What the task asks:
The records below should be printed once more, exactly as they appear.

Listed entries:

•••

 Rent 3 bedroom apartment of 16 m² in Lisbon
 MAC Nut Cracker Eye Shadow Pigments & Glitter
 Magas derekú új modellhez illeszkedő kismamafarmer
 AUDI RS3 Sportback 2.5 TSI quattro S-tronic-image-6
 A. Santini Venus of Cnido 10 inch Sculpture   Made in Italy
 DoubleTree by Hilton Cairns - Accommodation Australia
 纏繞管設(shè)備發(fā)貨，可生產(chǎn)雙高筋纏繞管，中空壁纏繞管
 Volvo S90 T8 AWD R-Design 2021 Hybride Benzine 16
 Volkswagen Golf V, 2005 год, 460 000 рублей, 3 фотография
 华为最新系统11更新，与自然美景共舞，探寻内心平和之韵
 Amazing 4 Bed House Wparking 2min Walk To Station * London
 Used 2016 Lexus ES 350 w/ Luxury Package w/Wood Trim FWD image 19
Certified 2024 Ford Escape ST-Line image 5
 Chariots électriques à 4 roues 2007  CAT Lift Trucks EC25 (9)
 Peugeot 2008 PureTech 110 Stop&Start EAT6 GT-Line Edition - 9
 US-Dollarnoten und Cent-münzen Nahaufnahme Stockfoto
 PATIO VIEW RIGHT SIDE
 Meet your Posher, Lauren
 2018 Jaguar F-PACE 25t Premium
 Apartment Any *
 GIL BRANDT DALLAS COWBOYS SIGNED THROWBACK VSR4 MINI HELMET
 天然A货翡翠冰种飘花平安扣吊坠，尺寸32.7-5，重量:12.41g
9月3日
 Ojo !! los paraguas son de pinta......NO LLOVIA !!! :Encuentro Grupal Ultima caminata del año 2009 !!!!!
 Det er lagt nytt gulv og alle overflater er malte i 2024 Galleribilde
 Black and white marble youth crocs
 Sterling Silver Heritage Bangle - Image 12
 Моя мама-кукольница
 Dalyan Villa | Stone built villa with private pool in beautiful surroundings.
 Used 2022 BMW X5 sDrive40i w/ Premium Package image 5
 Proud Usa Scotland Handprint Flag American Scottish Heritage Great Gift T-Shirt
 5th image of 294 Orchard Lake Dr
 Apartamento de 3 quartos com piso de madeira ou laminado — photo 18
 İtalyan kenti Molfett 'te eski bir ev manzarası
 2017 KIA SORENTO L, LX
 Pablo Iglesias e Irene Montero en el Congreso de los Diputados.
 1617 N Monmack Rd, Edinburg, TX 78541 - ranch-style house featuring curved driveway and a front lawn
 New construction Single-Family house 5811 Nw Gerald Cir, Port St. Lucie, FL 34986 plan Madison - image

•••

Your response:
 Rent 3 bedroom apartment of 16 m² in Lisbon
 MAC Nut Cracker Eye Shadow Pigments & Glitter
 Magas derekú új modellhez illeszkedő kismamafarmer
 AUDI RS3 Sportback 2.5 TSI quattro S-tronic-image-6
 A. Santini Venus of Cnido 10 inch Sculpture   Made in Italy
 DoubleTree by Hilton Cairns - Accommodation Australia
 纏繞管設(shè)備發(fā)貨，可生產(chǎn)雙高筋纏繞管，中空壁纏繞管
 Volvo S90 T8 AWD R-Design 2021 Hybride Benzine 16
 Volkswagen Golf V, 2005 год, 460 000 рублей, 3 фотография
 华为最新系统11更新，与自然美景共舞，探寻内心平和之韵
 Amazing 4 Bed House Wparking 2min Walk To Station * London
 Used 2016 Lexus ES 350 w/ Luxury Package w/Wood Trim FWD image 19
Certified 2024 Ford Escape ST-Line image 5
 Chariots électriques à 4 roues 2007  CAT Lift Trucks EC25 (9)
 Peugeot 2008 PureTech 110 Stop&Start EAT6 GT-Line Edition - 9
 US-Dollarnoten und Cent-münzen Nahaufnahme Stockfoto
 PATIO VIEW RIGHT SIDE
 Meet your Posher, Lauren
 2018 Jaguar F-PACE 25t Premium
 Apartment Any *
 GIL BRANDT DALLAS COWBOYS SIGNED THROWBACK VSR4 MINI HELMET
 天然A货翡翠冰种飘花平安扣吊坠，尺寸32.7-5，重量:12.41g
9月3日
 Ojo !! los paraguas son de pinta......NO LLOVIA !!! :Encuentro Grupal Ultima caminata del año 2009 !!!!!
 Det er lagt nytt gulv og alle overflater er malte i 2024 Galleribilde
 Black and white marble youth crocs
 Sterling Silver Heritage Bangle - Image 12
 Моя мама-кукольница
 Dalyan Villa | Stone built villa with private pool in beautiful surroundings.
 Used 2022 BMW X5 sDrive40i w/ Premium Package image 5
 Proud Usa Scotland Handprint Flag American Scottish Heritage Great Gift T-Shirt
 5th image of 294 Orchard Lake Dr
 Apartamento de 3 quartos com piso de madeira ou laminado — photo 18
 İtalyan kenti Molfett 'te eski bir ev manzarası
 2017 KIA SORENTO L, LX
 Pablo Iglesias e Irene Montero en el Congreso de los Diputados.
 1617 N Monmack Rd, Edinburg, TX 78541 - ranch-style house featuring curved driveway and a front lawn
 New construction Single-Family house 5811 Nw Gerald Cir, Port St. Lucie, FL 34986 plan Madison - image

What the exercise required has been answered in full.